What is FMEA and how is it different from Hazard Analysis?
From ISO 14971:
“FMEA is a technique by which the consequences of an individual fault mode are systematically identified and evaluated. It is an inductive technique using the question “What happens if … ?”. Components are analysed one at a time, thus generally looking at a single-fault condition. This is done in a “bottom-up” mode, i.e., following the procedure to the next higher functional system level.”
What does it mean?
FMEA stands for Failure Modes and Effects Analysis, it is a step-by-step approach for identifying all possible failures in a design, a manufacturing or assembly process, or a product or service.
Contrary to a typical Hazard Analysis (required by ISO 14971), FMEA is a bottom-up approach, meaning that it starts at a low level of the product or process, working its way up to the effects to the system of subsystems.

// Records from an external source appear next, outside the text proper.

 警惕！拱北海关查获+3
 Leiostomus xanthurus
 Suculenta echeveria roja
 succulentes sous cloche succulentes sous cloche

It is not strictly required by ISO 14971 or any other standard (unlike the Hazards Analysis) and it does not necessarily deal with the consequences on the patient or user.
So why should you use it?
FMEA is a tool to ensure that you have captured all possible causes and failure modes of your system. In a top-down analysis (like the Hazards Analysis) it is difficult to identify correctly all the low level causes and sometimes, with complex systems, it is not all that practical.
FMEA can bridge these issues, allowing you do identify what component can cause which failure, without making your Hazards Analysis too cumbersome, and consequently less useful.
FMEA is also used in several circumstances to comply with specific requirements. For example, referencing IEC 62304, FMEA is a great way to address the potential effects of failures of software items. It is also a useful method to identify critical/key features of your product.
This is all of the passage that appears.